Personal information
- Nickname: Mike.T
- Nationality: American
- Born: April 21, 1984 (age 42) Little Rock, Arkansas, U.S.
- Height: 6’0”ft (1.83m)
- Weight: 180 lb (82 kg)

Sport
- Country: USA
- Sport: Track and field
- Event: 400m Hurdles
- University team: Jackson State Tigers
- Turned pro: 2006
- Coached by: Darryl Woodson

Achievements and titles
- Personal bests: 200m: 20.66s (Oxford 2009) 400m: 46.05s (Greensboro 2007) 400mh: 47.70s (Moscow 2013)

Medal record
Men's athletics
Representing the United States
Olympic Games
| Silver medal – second place | 2012 London | 400 m hurdles |
World Championships
| Silver medal – second place | 2013 Moscow | 400 m hurdles |

= Michael Tinsley =

American hurdler

Michael Tinsley (born April 21, 1984) is an American track and field athlete specializing in the 400 metres hurdles.

==Early life==
Tinsley, a native of Little Rock, Arkansas, was born on April 21, 1984. He attended Little Rock's Joe T. Robinson High School and Jackson State University.

==Career==
Tinsley achieved a personal best in the 400-meter hurdles in 2007 with a time of 48.02 seconds. He placed third at the 2010 USA Outdoor Track and Field Championships with a time of 48.46 seconds. He won the 400-meter hurdles event at the 2012 US Olympic Trials with a time of 48.33 seconds and earned a spot on the US Olympic team.

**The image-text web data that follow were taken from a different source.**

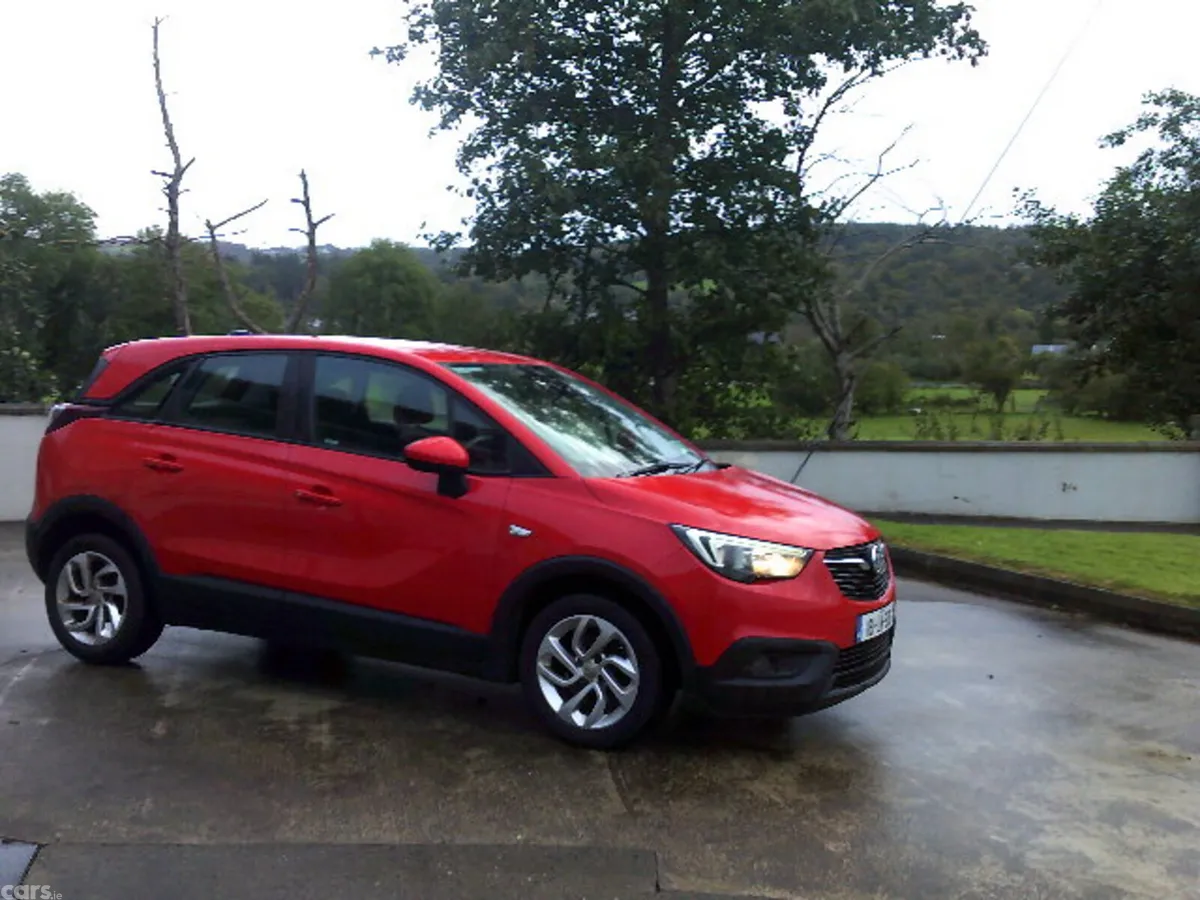 Vauxhall Crossland X Hatchback, Diesel, 2018, Red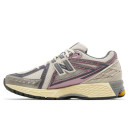 Придбати New Balance 1906R Licorice FKS2354965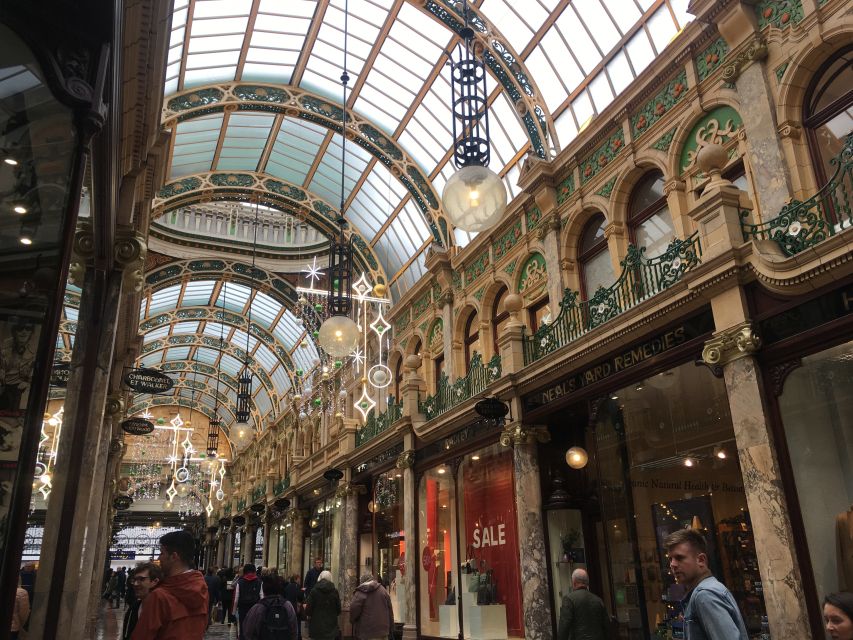 Leeds: 2-Hour Highlights Walking Tour - Discovering Hidden Corners and Art Galleries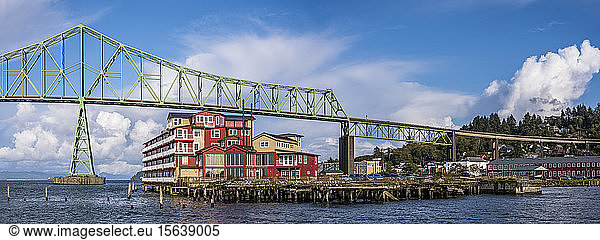 Die Astoria-Megler-Brücke ist ein markantes Bauwerk entlang des Flussufers von Astoria; Astoria  Oregon  Vereinigte Staaten von Amerika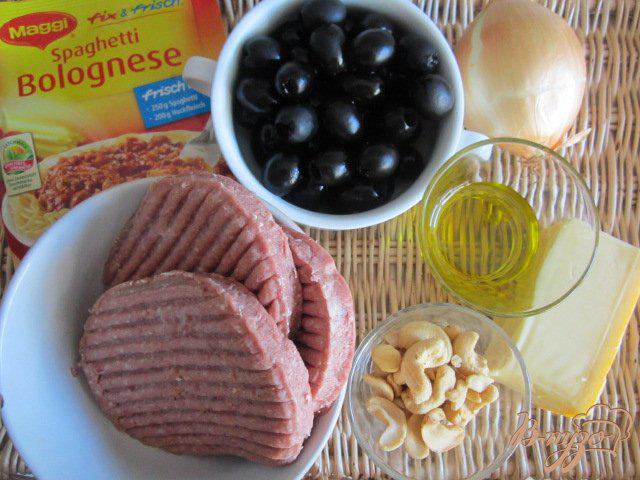 Фото приготовление рецепта: Спагетти с мясным фаршем и маслинами шаг №1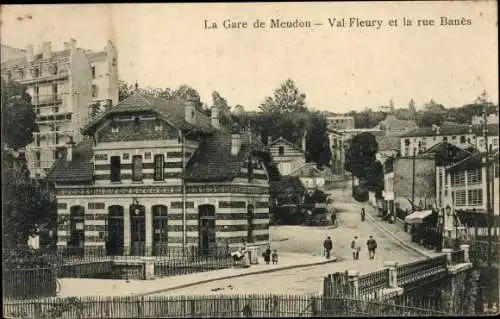 Ak Meudon val Fleury Hauts de Seine, La Gare et la rue Banes
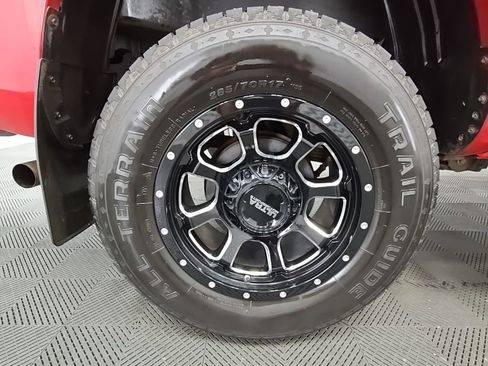 Used 2022 Toyota Tacoma SR image 43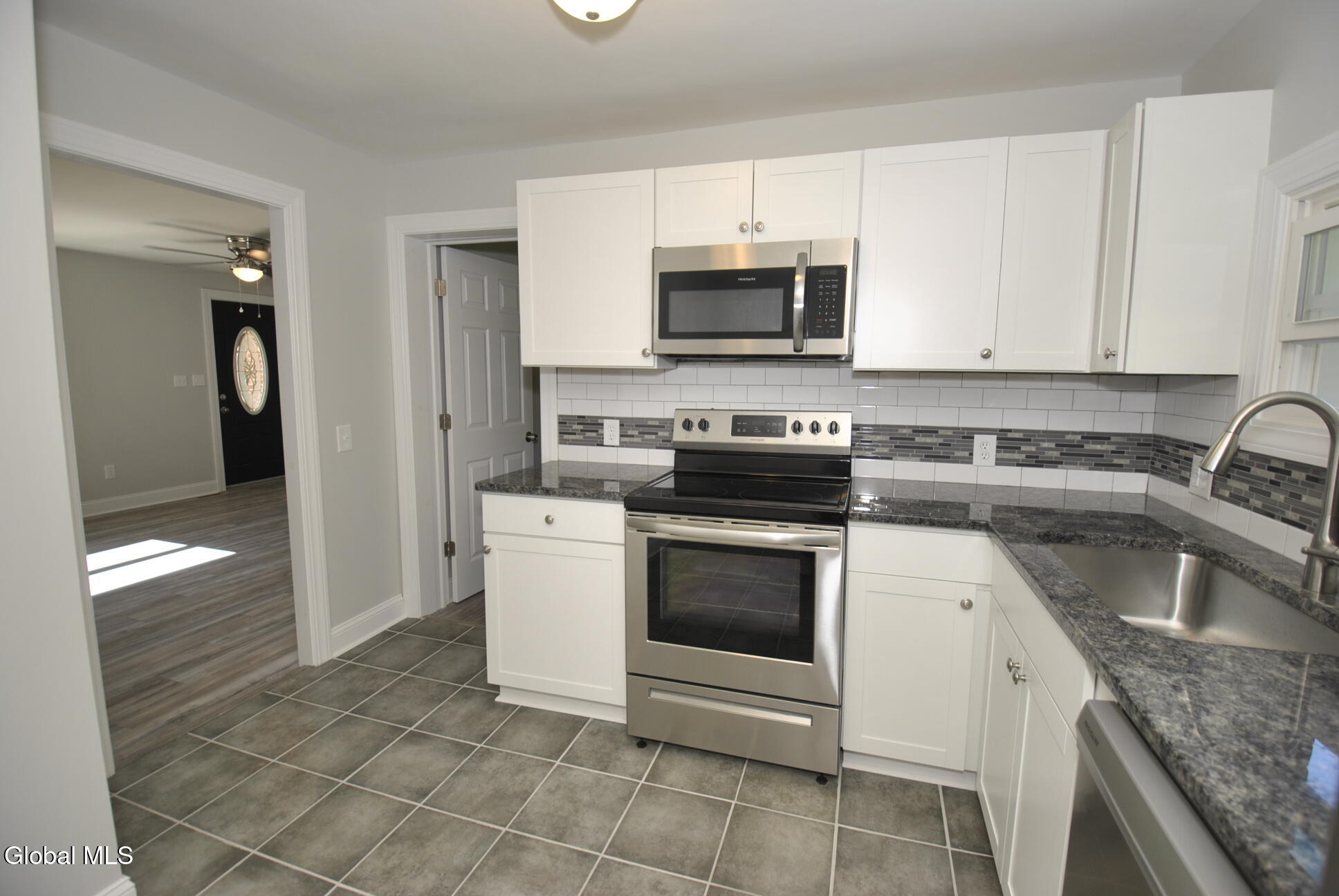 49 Osborne Road Colonie, NY 12205 - Photo 5 of 36 _DSC0878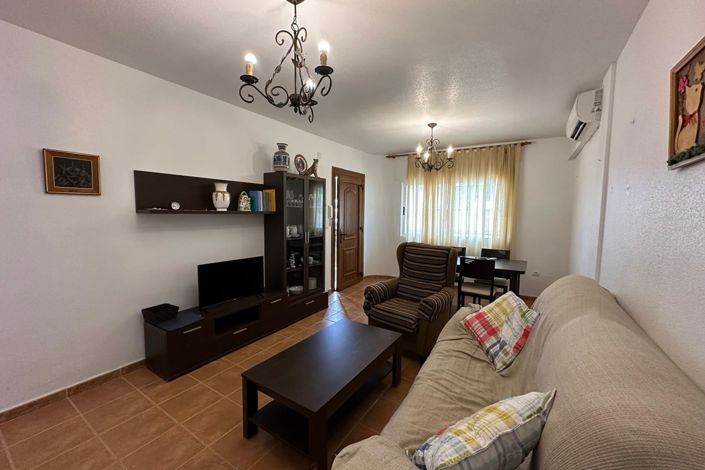 Image No.22-4 Bed Townhouse for sale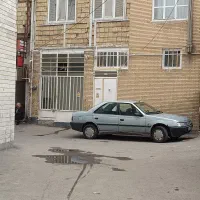 حیاط 2طبقه در بهترین موقعیت منبع اب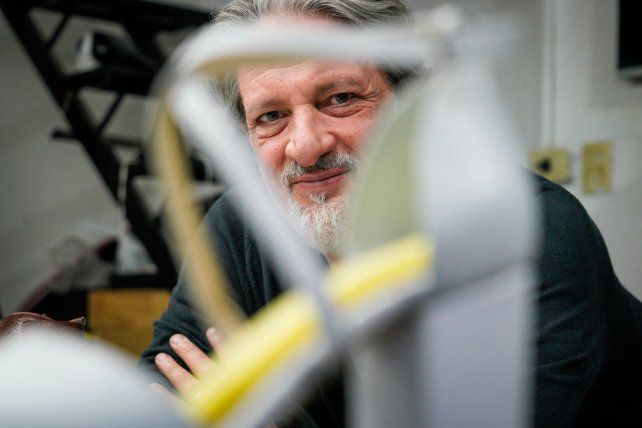 Miguel Martine en su taller de zona sur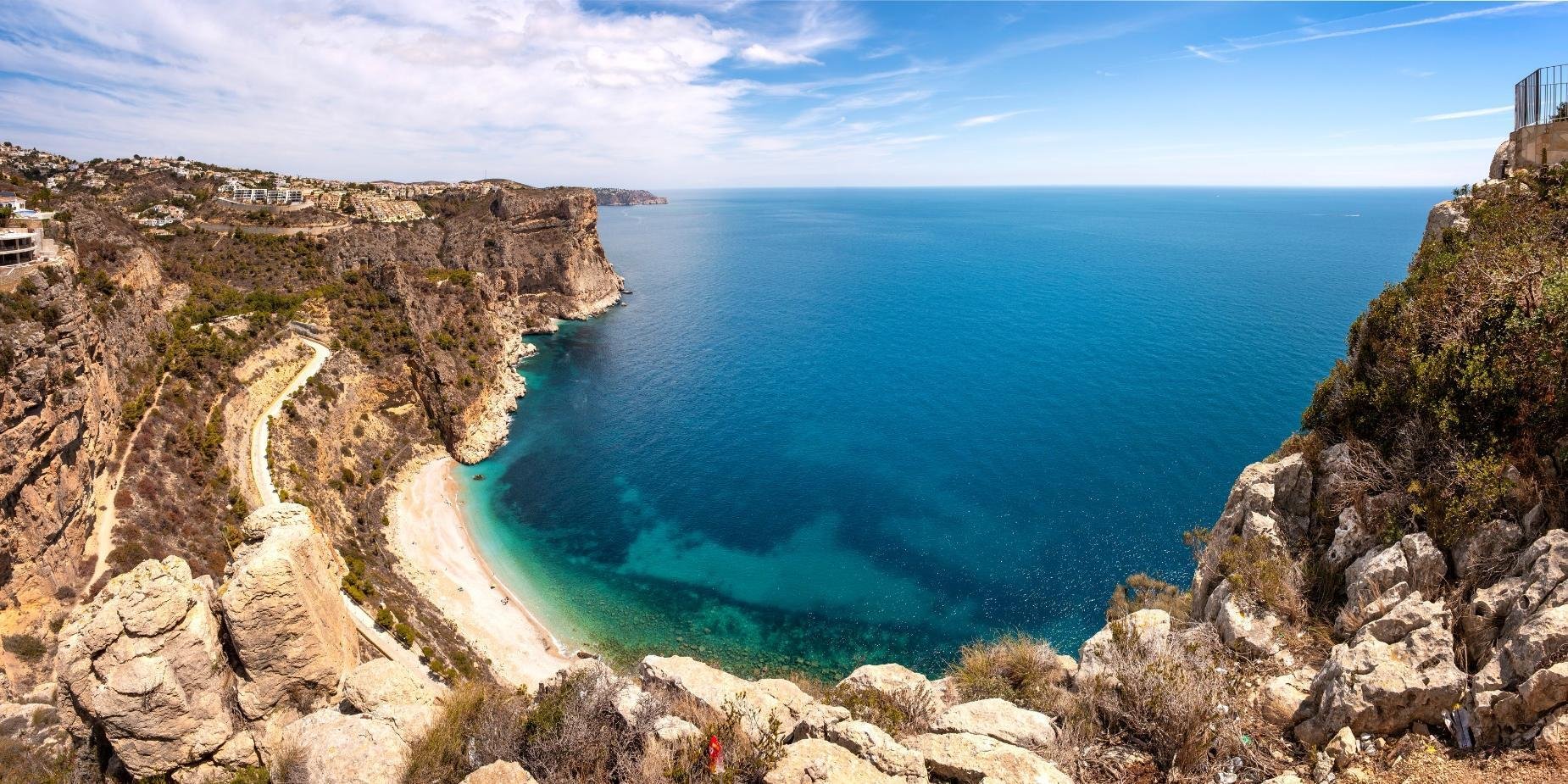 Costa Blanca és Costa del Sol nyaralás: Útikalauz a mediterrán paradicsomokhoz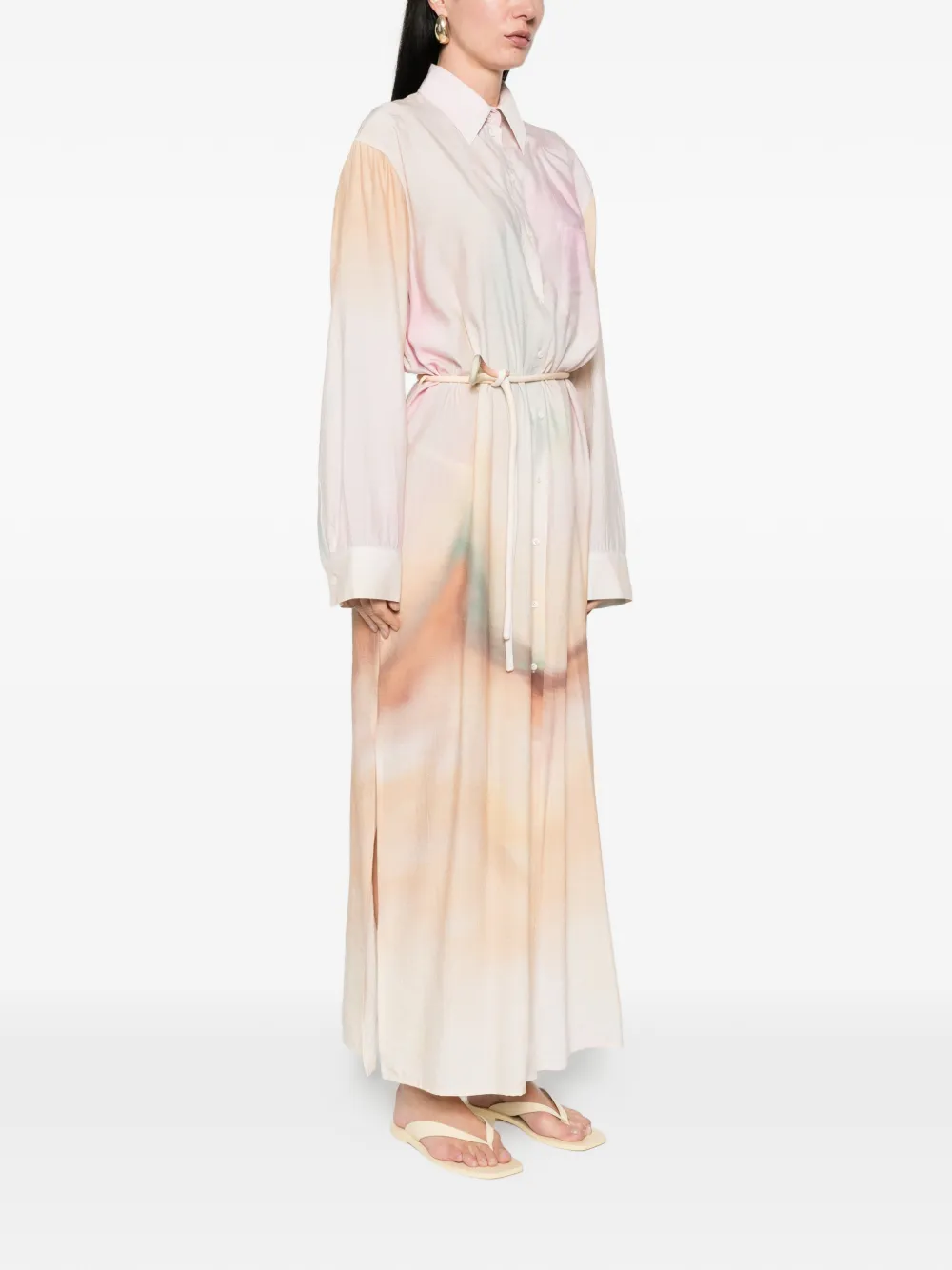 Nanushka Jurk met knopen Beige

Tinsley won his first heat in the 400-meter hurdles at the Olympics in 49.13 seconds. He then won his semifinal in a season best time of 48.13 seconds. On August 6, 2012 Tinsley won silver at the 2012 London Olympics in the 400 meters hurdles, in a new personal best time of 47.91. In 2013, Tinsley followed up his silver medal at the London Olympics with a silver medal at the 2013 World Championships in Moscow.

== Personal life==
Tinsley has two sons, MyKayle 17 and Titus 10.